Task statement:
Copy exactly the lines from the start of the data below through the one that carries "放入土司片，小火煎至。", and only those.
====== Provided records ======
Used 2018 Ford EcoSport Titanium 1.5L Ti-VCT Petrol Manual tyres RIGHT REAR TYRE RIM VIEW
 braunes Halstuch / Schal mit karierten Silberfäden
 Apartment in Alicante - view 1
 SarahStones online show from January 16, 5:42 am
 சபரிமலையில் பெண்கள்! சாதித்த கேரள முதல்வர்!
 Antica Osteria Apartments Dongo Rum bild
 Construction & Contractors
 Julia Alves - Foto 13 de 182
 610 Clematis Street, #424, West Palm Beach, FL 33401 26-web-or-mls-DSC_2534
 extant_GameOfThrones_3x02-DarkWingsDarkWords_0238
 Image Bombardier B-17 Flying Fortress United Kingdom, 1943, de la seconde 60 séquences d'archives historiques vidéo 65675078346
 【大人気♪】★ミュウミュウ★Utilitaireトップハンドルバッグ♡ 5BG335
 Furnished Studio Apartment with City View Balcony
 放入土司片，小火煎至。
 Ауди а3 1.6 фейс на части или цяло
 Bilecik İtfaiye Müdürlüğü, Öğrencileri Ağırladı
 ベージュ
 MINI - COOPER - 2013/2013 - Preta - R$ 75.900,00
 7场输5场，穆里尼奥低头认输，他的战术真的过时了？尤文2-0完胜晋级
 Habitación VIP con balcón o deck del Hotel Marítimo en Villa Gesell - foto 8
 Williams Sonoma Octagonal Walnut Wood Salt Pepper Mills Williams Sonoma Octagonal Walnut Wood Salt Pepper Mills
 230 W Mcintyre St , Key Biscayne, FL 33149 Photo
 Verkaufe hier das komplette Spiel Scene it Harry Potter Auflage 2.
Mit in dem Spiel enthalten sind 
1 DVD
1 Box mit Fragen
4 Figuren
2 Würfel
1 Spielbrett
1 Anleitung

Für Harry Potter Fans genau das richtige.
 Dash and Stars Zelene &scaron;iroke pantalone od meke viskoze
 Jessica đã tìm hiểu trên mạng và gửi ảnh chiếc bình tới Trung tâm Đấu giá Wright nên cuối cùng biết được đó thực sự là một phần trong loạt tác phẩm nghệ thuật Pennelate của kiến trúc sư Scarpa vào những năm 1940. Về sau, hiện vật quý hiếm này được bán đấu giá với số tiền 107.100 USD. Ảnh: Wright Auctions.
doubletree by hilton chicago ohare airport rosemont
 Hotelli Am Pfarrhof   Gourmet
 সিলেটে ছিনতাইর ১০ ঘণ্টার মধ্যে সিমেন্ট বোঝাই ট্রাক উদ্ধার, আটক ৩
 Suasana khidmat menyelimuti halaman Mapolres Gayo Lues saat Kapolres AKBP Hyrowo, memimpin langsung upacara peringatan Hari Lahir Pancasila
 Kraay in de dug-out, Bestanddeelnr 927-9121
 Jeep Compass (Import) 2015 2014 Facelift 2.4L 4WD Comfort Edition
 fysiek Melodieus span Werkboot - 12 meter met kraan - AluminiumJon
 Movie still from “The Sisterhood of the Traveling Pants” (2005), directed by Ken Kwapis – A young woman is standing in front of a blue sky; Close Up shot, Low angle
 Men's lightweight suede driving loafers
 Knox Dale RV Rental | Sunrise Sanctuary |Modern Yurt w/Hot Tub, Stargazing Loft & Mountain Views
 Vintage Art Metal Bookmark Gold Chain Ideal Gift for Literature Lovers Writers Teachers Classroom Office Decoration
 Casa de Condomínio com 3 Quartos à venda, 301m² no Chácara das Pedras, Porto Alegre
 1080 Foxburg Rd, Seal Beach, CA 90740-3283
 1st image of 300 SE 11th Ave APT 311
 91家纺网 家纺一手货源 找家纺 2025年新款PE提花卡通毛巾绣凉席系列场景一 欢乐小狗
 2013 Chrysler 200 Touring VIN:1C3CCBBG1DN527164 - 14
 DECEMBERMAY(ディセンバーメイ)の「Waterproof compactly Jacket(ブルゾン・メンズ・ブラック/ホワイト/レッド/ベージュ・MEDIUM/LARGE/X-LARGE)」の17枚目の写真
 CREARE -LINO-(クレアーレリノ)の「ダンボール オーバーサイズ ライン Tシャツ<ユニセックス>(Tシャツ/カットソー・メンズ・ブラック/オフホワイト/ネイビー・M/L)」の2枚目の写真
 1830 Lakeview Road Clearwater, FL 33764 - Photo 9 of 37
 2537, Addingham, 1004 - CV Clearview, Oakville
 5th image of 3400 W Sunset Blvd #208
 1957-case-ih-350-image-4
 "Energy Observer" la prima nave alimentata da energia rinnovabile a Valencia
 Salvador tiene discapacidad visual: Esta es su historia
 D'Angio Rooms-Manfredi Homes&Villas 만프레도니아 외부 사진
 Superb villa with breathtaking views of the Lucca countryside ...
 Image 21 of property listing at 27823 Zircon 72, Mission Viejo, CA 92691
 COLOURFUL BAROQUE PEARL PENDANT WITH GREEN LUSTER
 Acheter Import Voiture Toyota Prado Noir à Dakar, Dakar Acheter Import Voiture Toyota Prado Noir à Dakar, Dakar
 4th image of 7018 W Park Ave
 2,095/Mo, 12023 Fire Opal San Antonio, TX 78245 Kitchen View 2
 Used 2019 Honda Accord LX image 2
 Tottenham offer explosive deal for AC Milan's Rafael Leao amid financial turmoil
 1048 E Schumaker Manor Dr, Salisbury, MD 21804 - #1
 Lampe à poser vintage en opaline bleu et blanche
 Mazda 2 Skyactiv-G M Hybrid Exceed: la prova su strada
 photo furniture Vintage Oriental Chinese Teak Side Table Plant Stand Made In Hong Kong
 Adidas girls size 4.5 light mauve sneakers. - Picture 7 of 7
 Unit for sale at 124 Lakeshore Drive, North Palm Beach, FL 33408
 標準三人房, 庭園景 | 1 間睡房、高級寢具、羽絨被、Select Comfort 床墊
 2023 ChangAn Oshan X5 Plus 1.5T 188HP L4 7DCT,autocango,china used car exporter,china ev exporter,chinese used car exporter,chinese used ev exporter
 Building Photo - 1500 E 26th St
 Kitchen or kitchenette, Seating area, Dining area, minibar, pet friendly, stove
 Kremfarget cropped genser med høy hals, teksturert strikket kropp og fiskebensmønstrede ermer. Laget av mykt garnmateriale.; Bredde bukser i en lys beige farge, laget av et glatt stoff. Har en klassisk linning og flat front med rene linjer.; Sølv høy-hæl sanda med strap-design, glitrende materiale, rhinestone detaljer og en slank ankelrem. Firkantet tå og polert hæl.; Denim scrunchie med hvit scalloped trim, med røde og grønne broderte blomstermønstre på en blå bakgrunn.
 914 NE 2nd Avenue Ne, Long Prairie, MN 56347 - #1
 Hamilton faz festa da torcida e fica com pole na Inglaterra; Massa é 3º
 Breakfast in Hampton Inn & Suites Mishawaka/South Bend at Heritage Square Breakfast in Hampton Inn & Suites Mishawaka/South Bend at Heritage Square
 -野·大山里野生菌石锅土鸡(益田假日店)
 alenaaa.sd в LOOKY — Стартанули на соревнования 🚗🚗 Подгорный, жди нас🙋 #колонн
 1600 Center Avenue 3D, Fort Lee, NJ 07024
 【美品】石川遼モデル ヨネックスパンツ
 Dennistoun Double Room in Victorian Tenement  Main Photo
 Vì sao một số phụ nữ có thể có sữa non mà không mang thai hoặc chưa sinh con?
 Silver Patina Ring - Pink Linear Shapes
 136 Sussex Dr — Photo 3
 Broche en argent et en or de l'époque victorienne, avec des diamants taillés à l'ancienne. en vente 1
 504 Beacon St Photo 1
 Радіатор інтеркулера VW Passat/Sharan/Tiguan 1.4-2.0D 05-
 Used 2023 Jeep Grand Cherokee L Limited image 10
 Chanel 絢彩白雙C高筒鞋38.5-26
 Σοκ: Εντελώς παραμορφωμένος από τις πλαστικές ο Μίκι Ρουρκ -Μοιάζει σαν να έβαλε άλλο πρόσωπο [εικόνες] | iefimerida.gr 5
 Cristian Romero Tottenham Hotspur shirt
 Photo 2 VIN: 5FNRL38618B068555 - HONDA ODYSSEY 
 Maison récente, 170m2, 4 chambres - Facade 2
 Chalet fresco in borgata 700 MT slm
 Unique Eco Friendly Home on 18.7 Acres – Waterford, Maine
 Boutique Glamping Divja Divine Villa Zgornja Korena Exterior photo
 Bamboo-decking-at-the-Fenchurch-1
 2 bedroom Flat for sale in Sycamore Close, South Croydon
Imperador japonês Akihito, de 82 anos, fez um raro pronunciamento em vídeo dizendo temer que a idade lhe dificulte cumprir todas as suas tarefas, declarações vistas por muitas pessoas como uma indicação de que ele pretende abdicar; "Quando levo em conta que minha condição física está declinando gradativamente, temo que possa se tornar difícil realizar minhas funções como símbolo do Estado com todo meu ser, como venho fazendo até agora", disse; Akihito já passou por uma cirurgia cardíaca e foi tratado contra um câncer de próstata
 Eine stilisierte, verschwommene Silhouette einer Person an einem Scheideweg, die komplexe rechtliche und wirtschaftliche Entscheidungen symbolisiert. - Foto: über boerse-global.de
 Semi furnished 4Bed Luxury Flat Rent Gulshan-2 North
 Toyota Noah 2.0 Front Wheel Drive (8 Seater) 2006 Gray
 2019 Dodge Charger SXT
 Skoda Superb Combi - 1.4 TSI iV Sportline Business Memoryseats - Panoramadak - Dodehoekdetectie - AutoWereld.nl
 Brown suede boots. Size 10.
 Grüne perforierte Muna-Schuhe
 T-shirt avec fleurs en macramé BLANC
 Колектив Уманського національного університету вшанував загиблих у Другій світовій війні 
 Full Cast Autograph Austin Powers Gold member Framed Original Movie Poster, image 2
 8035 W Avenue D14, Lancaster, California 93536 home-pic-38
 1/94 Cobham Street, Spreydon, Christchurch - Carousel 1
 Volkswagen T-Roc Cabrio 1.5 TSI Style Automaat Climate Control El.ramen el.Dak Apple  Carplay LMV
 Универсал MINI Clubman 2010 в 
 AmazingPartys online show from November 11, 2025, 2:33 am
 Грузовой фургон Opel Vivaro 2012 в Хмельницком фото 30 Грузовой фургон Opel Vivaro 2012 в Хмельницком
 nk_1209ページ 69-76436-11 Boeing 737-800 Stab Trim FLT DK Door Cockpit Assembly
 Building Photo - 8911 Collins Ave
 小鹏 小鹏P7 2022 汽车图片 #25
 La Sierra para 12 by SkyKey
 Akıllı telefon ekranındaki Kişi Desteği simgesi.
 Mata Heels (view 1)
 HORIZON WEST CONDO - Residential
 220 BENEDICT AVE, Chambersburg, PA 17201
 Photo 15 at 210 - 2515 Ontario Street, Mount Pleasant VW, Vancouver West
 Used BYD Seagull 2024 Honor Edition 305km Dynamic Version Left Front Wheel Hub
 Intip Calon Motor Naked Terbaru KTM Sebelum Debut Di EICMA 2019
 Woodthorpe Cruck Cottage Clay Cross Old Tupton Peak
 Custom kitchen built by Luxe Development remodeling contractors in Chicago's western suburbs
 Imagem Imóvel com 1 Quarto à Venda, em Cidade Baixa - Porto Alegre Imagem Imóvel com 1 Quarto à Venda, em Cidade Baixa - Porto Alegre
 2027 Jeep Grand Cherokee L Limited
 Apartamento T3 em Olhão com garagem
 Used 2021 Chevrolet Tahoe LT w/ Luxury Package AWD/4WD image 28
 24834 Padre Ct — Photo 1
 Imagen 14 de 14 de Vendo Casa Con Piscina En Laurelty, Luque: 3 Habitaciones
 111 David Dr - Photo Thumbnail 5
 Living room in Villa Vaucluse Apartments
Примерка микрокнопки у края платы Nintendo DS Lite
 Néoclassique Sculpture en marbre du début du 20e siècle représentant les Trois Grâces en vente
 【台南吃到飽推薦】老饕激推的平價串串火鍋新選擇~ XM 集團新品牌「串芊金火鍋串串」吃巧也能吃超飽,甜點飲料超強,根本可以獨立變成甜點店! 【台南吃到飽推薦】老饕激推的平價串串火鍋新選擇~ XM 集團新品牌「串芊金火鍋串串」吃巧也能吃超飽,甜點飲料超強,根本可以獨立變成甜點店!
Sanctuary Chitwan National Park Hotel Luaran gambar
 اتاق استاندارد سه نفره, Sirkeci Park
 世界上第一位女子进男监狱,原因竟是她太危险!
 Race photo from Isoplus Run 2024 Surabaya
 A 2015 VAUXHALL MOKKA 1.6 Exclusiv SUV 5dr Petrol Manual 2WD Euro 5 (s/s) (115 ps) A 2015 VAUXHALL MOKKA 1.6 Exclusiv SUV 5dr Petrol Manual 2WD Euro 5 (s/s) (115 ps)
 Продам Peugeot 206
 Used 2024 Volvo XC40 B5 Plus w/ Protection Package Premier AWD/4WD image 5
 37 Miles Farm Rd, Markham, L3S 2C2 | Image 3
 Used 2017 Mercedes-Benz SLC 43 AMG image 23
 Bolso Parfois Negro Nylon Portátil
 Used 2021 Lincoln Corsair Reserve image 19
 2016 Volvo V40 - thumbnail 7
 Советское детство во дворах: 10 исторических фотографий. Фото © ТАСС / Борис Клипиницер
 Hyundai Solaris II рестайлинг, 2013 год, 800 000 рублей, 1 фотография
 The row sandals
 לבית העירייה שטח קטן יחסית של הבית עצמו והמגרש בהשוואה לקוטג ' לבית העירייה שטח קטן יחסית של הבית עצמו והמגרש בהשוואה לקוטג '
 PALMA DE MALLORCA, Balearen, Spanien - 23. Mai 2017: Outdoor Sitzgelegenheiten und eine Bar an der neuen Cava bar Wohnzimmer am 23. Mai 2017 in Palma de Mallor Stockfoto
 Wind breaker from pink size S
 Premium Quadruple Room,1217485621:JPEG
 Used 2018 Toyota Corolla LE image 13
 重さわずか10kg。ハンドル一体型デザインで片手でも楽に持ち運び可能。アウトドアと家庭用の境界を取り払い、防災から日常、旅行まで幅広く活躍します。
======
The answer:
Used 2018 Ford EcoSport Titanium 1.5L Ti-VCT Petrol Manual tyres RIGHT REAR TYRE RIM VIEW
 braunes Halstuch / Schal mit karierten Silberfäden
 Apartment in Alicante - view 1
 SarahStones online show from January 16, 5:42 am
 சபரிமலையில் பெண்கள்! சாதித்த கேரள முதல்வர்!
 Antica Osteria Apartments Dongo Rum bild
 Construction & Contractors
 Julia Alves - Foto 13 de 182
 610 Clematis Street, #424, West Palm Beach, FL 33401 26-web-or-mls-DSC_2534
 extant_GameOfThrones_3x02-DarkWingsDarkWords_0238
 Image Bombardier B-17 Flying Fortress United Kingdom, 1943, de la seconde 60 séquences d'archives historiques vidéo 65675078346
 【大人気♪】★ミュウミュウ★Utilitaireトップハンドルバッグ♡ 5BG335
 Furnished Studio Apartment with City View Balcony
 放入土司片，小火煎至。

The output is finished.